After the activists have gone home and the cameras have been shut off, what will take the place of the empty stage for the next 349 days until we start again?
The 16 days of Activism for no violence against women and children has come around again. We are bombarded with countless advertising telling stories of abuse and encouraging (specifically) women to “break the silence” of abuse and free themselves from abusive partners. We are shown the effects of abuse on children and told of the need for it to stop. The plight of abused women seems to go from bad to worse and the circle continues from one generation to another. People are encouraged to “take the first step” of stopping the abuse by speaking to someone.

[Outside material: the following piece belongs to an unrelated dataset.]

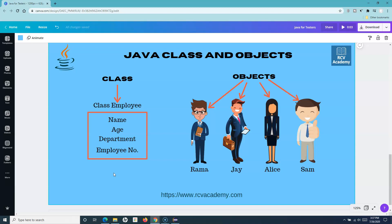We'll understand this further with actual implementation of class and object in the upcoming tutorial. This example was just to show what class and objects are in Java and how to create your first class and object. That's all for this tutorial — hope you liked it, thank you very much for watching.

All this is important and I am confident that people are getting the help that they need to break that cycle. My question is who is dealing with the men?
The abuse of women and children emanates from men and throughout the entire campaign, men are projected as the culprits and are challenged to seek help.
Yet no one seems to want to explore the root of why the men become abusive in the first place. Yes, there have been many studies conducted on why men are abusive; what I am referring to is the part where we deal with men not only before they become abusive, but also help them to cope in environments where they feel they have no choice but to resort to violence.
As men become more vulnerable and seemingly ignored and branded as not needed as home providers, they tend to gravitate towards abuse because they do not know who they are anymore or how they fit in. We see women on T.V. gathered in many places supportive of the 16 days of activism, while men are ignored, being expected to go with the flow. But this causes men to feel marginalised, feeling that their manhood has no place in the world anymore – the choice seems to be either they become emasculated or they fight back physically. They do not see any other outlet for their frustration.
This is not to give men an excuse – it is to point out a loophole that no one seems to be dealing with at the same level as they deal with women issues, the assumption being that men are ok, yet behind the scenes, men are on the edge, needing a way to release all the tension and find their fit in society, yet we seem to be determined to block them out.
The 16 days of activism seems to be set to be a continual annual event. What happens from the 17th day though? Where will the activists be when the very women who were marching down the city street, arrive home to a husband who feels he is the enemy? Who will be there to defuse that situation? Or do they have to wait another year so that they can pluck up the courage to report the abuse?
If men do not re-establish their place in society, we will always have the 16 days of activism. When will those yearly 16 days end?
If men are not built up to take their place in society, the 16 days will continue.